What to work on: Return all of the data exactly as given.

Data shown:
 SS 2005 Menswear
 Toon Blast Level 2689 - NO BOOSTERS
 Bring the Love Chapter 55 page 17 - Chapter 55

Result:
 SS 2005 Menswear
 Toon Blast Level 2689 - NO BOOSTERS
 Bring the Love Chapter 55 page 17 - Chapter 55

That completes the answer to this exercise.